Judge remembers Joe


    Your touching and moving column anent the passing of Jolting Joe DiMaggio certainly left a lump in my throat and a tear or two in the eyes of this sentimental Yankee fan. Not even my Malibu friend and legendary sportswriter the late Jim Murray could have penned a nicer, more sincere tribute than you did.

    Of course, I was a total Yankee fan whose dad took me to every home game the Yankees played where I saw the pin-striped heroes — Gehrig, Ruth, Mantle, Meusal, DiMaggio and my personal hero Bill Dickey, great catcher and hitter for the Yankees. I was working for the Associated Press in New York and I played catcher for the AP team in a Radio City league made up of most of the big corporations housed in the Radio City complex. Being a member of the media, we had a special deal wherein we were able to lease the Yankee Stadium for a day when the pin-stripes were out of town travelling. I think we paid $1 to $5 per man as a gratuity to the groundskeeper who let us in to play and furnished the bases and the home plate.

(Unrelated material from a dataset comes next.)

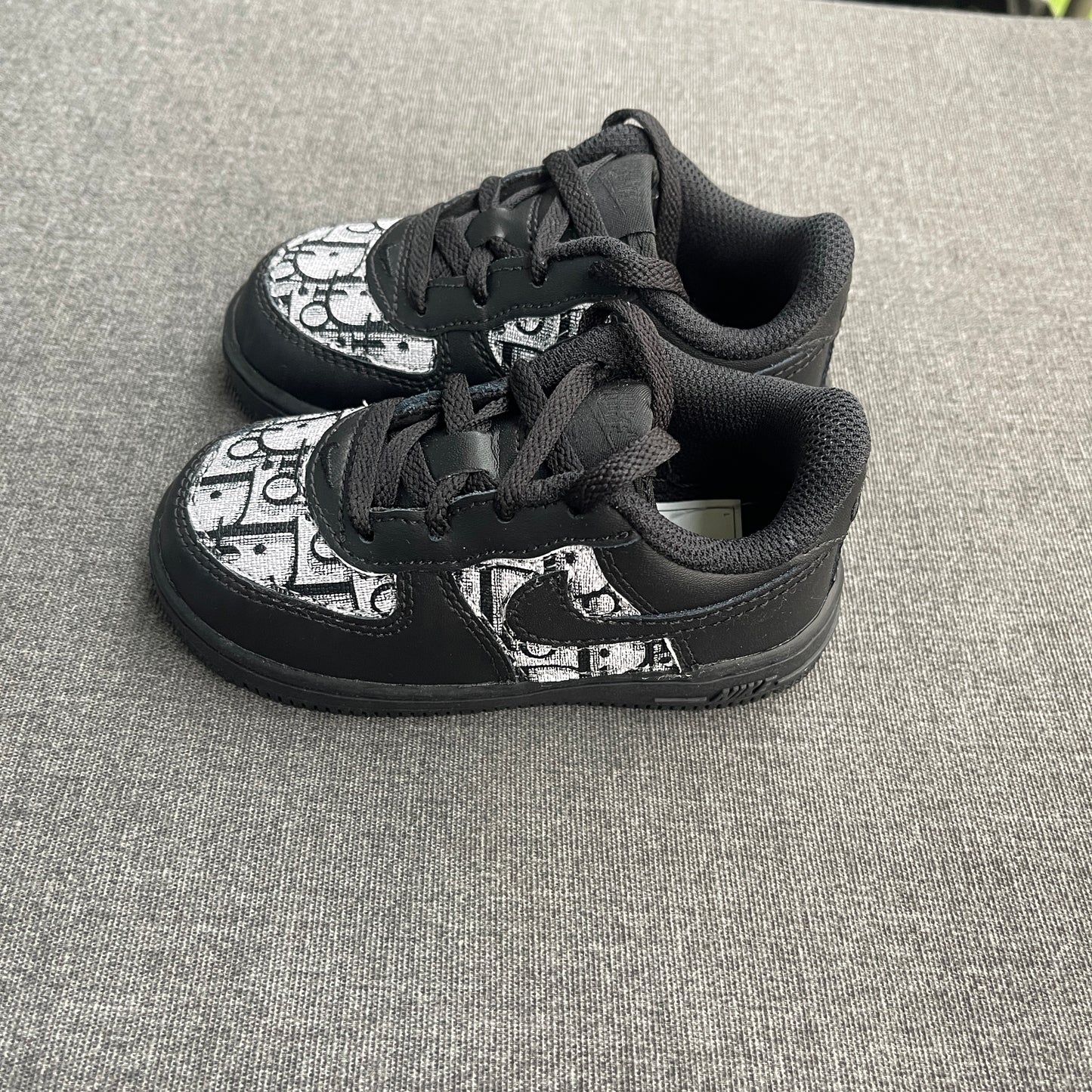 Black AF1 x CD Black KLITTENBAND SCHOENEN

    You mentioned in your column: “I never met DiMaggio. I never saw him play.” Well I saw him play many times and I did meet him once under unique circumstances. It was a rainy Friday afternoon in the Christmas Season in the 1960s, and I stopped at Blessed Sacrament Church in Beverly Hills before driving home to Malibu. There was one other person in the church, kneeling at the traditional Visitation Creche. By coincidence, we both left the church together and as we met on the steps of the church, I recognized the fellow to be one of my heroes and idol — the great Joe DiMaggio. Our conversation went something like this: “How are you Joe?” His reply, “OK how are you?” “I’m OK,” said I with a mouth full of clover. “Happy New Year,” said Joe as he readjusted his coat collar against the rain. “Happy New Year,” I mumbled. He turned and walked away toward the parking lot.

    “Tough, capable, quiet, loyal and laconic. It’s the way we like our heroes, and he certainly was our hero.” The closing words of your great column, Arnold. Thank you.